Having an already ongoing project without system
Changing paths in scripts
At such stage you must have several scripts that include paths to files. If you relocate your files into new folders, these will not work. Here I show an easy trick to use to correct it. If you have good coding practices (I will cover those in another post), it should not be very time consuming to migrate from your original system to a more organized one. If your skills are not good enough, it may take longer, but I would say it is still worth it. I have done this migration twice this year and it did not take more than one day. The first thing would be to create the folders where you want to store your files (following a Johny Decimal system). The second step would be to move all the files from the original system to the new system you just created. The third step, the more troublesome, would be to correct your scripting and whatever linkage you had between your files that depended on their relative or absolute paths. For this, you first need to get to the root of your project, using the “cd” (change directory) command in your terminal. If you have a linux or mac computer (if you have a windows you could install the software gitbash), you probably have the “find” command. With this command you can get the new relative path where you stored the file. The syntax for the find command is:
find ./ -name "20220210_Metadata_Inds.csv"
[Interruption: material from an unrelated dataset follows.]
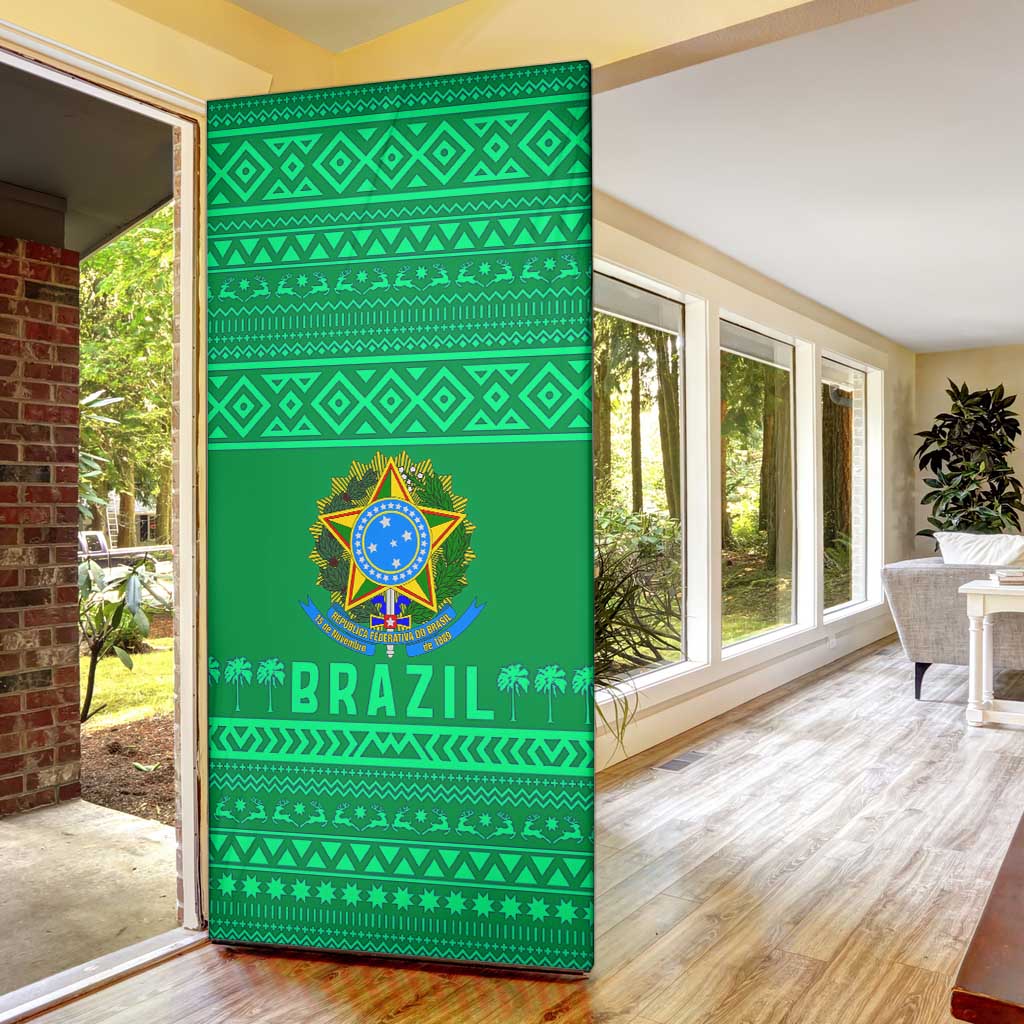 Brazil Christmas Door Cover with Santa Relaxing in Hammock Palm Trees Snowman and Tribal Pattern Design - Wonder Print Shop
Where ./ points to the current directory where you are, -name is a flag indicating that the following (20220210_Metadata_Inds.csv) is the name of the file you are looking for (here is a good case to talk about the issue with spaces- if you used spaces in your naming, then you always need to quote the file name). Running that command will return all paths where a file with that name is located (there should only be one). All you have to do in your scripts is to change the old paths with the new paths you obtain in the terminal, so it is a copy-paste exercise.
Renaming files
Renaming files can be more troublesome but terminal coding can facilitate the task a lot. Here are some examples you may use to rename your files:
Change the extension of multiple files In this example all files with the extension .log are changed to have a .txt extension.
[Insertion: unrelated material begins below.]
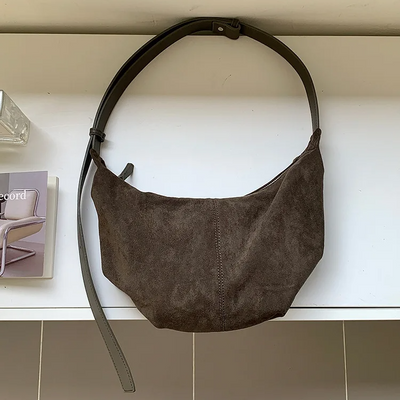 Suede Croissant Bag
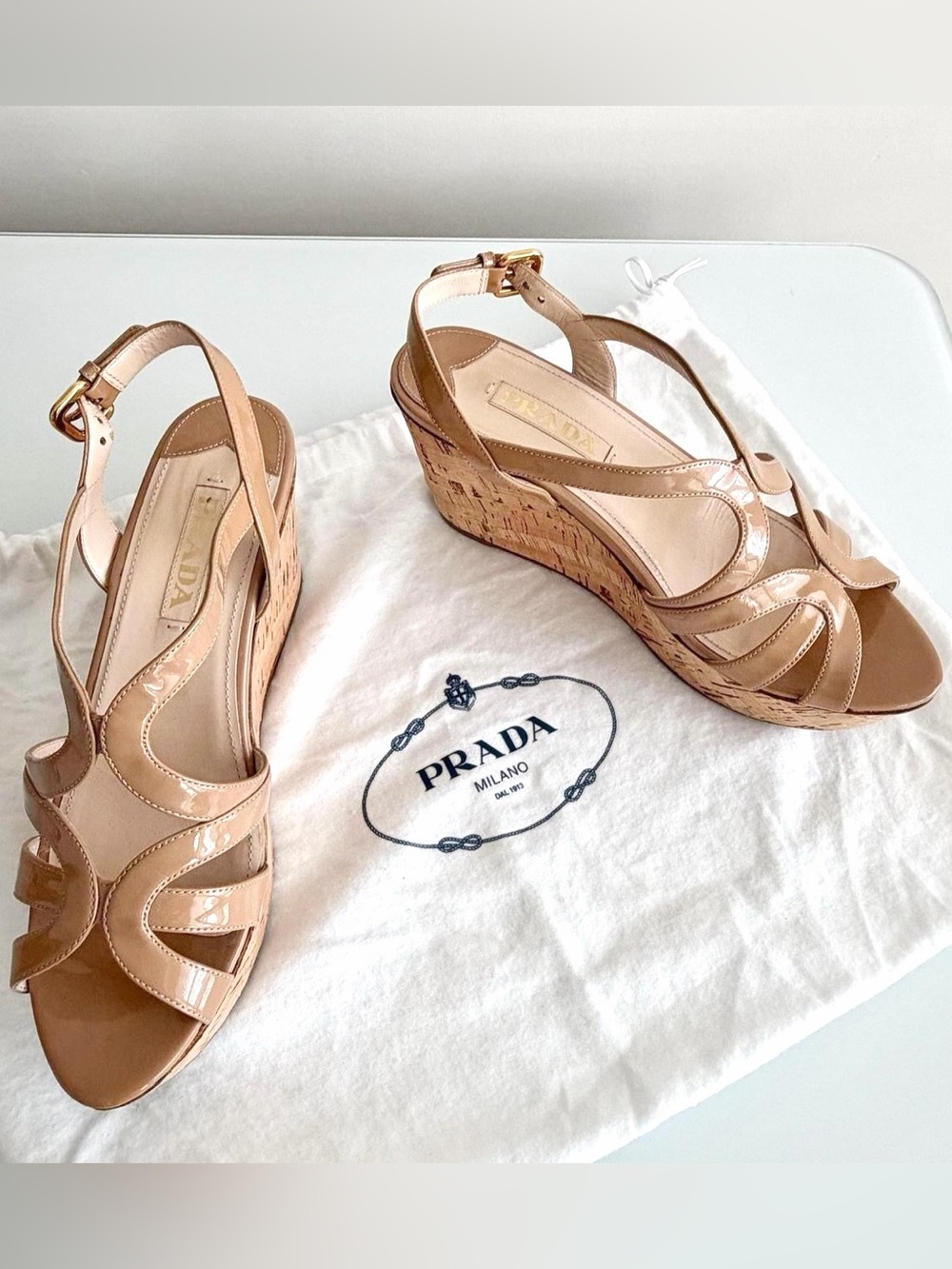 Prada Nude Patent Cork Wedges | Quiet Luxury | Coastal | Wedding Guest Sz 8.5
for i in *.log; do mv -- "$i" "${i%.log}.txt"; done
Add a prefix to multiple files In this example, we can add the same date 20220615- to all files.
for i in *; do mv -- "$i" "20220615-$i"; done
Remove a string from multiple files Here we are removing the string “fast-” using the sed command from all files with the extension bam.
for file in *.bam; do
echo "Old file: $file"
new=$(echo "$file" | sed 's/fast\-//')
echo "New file: $new"
done
These are just some handy examples that I have stored among my notes, but with enough expertise in bash, you could change names in any given circumstance.